2.3.1 Preparation of the RMG filter material. The RMG raw powder material is a mixture of red mud, bentonite, and pulverized coal. All the raw materials were screened and then ball milled at the mixing ratio of 90 : 4 : 6. A certain amount of the abovementioned mixture powder and polyvinyl alcohol were mixed and stirred at 70 °C until they were muddy and attained a shape like a sieve ball, which was about 1 mm in size.²⁷ After drying, the spherical particles were placed in a muffle furnace, calcined at 1030 °C and then acquired.

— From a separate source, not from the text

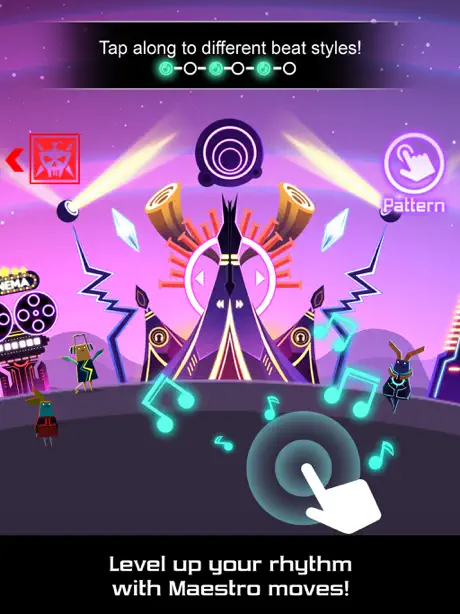 Groove Planet - Rhythm Clicker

2.3.2 Preparation of the γ-MnOOH/RMG (SLRMG) filter material. Herein, to 0.1360 g of potassium permanganate dissolved in 50 mL of deionized water, PEG-400 was added followed by stirring for 1 h; then, the solution was transferred to a 100 mL stainless steel reactor.²⁸ The reaction was carried out at 120 °C for 12 hours, and then, the reaction mixture was naturally cooled down to room temperature; after being cooled down, the obtained filter material was rinsed repeatedly with deionized water and ethanol till neutral and then dried for use. During the reaction in the stainless steel reactor, the same procedure was repeated to prepare γ-MnOOH by adding 1 g of RMG. Thus, we obtained a single loaded RMG (SLRMG) material.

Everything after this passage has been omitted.